2. Les hommes rejettent le mensonge, car il exclut socialement
A. Perte de confiance au menteur
La raison d'être des normes sociales est de permettre une certaine cohésion entre les individus. Vouloir les contourner peut être astucieux, mais lorsque les autres s'en rendent compte, le menteur perd toute crédibilité. Ce qu'il dit ne peut plus renvoyer à quelque chose de réel ou d'irréel puisqu'il a trahi le code social qui consiste à désigner par des mots les mêmes choses. S'il trompe les autres en mentant pour son intérêt, voire en leur portant préjudice, la confiance, qui consiste à croire un minimum les mots que les autres emploient, est brisée.
B. Conséquences néfastes du mensonge
Ayant contourné la norme sociale, le menteur sera exclu de la société s'il est découvert. Dès lors, « les hommes fuient moins le mensonge que le préjudice provoqué par le mensonge ». Ainsi, le rejet du mensonge ne se fait pas au nom d'une valeur morale mais au contraire selon un calcul rationnel intéressé qui consiste à dire qu'on ne peut mentir sans en subir des conséquences (ce qui implique qu'on finisse toujours par être découvert).
Info
L'impératif catégorique est la maxime qui dit : « Agis seulement d'après la maxime grâce à laquelle tu peux vouloir en même temps qu'elle devienne une loi universelle », selon les Fondements de la métaphysique des mœurs de Kant.

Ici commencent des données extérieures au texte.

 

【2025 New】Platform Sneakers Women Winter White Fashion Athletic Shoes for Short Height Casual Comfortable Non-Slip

Nietzsche se place ici aux antipodes de Kant pour qui l'interdit du mensonge répond à un impératif catégorique de la raison pratique qui ne veut que le bien, même si cela va contre l'intérêt de celui qui s'interdit le mensonge, même si cela doit le tuer. Et le mensonge ne peut qu'être un mal, selon Kant, car il n'est pas universalisable.
[Transition] Par conséquent, est-ce que cela signifie que l'homme ne recherche la vérité que pour répondre à ses intérêts ?

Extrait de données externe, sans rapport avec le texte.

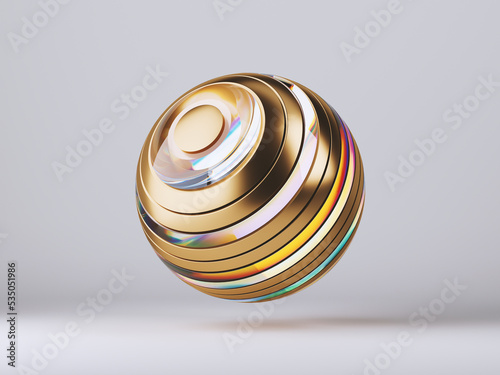 Cuadro en lienzo 3d render, abstract golden ball isolated on white background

3. La recherche de la vérité est liée à la conservation de l'existence
A. L'absence de haine pour l'illusion
Si dire la vérité est recherché exclusivement pour les avantages que cela peut procurer, a contrario, l'illusion ne sera rejetée que si elle est néfaste. Une illusion qui n'a aucune « conséquence fâcheuse » n'a pas de raison d'être haïe. Regarder un beau film fantastique, par exemple, n'a aucune raison d'être condamné. L'art qui montre de belles apparences peut ici trouver toute sa place. Nietzsche s'oppose à une philosophie platonicienne qui condamnerait l'art au nom de la vérité érigée en valeur absolue et désintéressée.
B. L'hostilité aux vérités destructrices
La recherche de la vérité n'existe, selon l'auteur, qu'en un sens restreint : il « désire » ce qui produit de bons effets pour sa vie, son existence. La recherche de la vérité n'est pas purement scientifique ; elle doit contribuer à une vie meilleure pour l'être humain. Une vérité mortifère n'aurait alors pas de sens pour l'homme. Elle ne serait pas « pertinente » au sens où elle ne lui apporterait rien de bon.
Une connaissance n'ayant aucun impact sur la vie de l'individu le laisserait absolument indifférent. D'où la nécessité des enseignants par exemple d'expliquer aux élèves le sens de leurs connaissances. Mais Nietzsche va encore plus loin en affirmant qu'une vérité destructrice serait rejetée, au même titre que le mensonge.
Conclusion
En s'interrogeant sur l'origine du mensonge, Nietzsche place la morale sous l'angle des conventions sociales. La question pour l'homme n'est pas de savoir distinguer le bien du mal mais de savoir comment se comporter dans une société normée pour en tirer le plus grand bénéfice.
De même, sa question n'est plus de savoir distinguer le vrai du faux ni s'il faut dire vrai ou faux. L'auteur nous explique pourquoi on aime la vérité ou le mensonge. L'attrait ou le rejet de la vérité est toujours associé à la vie, à la possibilité de préserver ou d'améliorer son existence, à la volonté de puissance.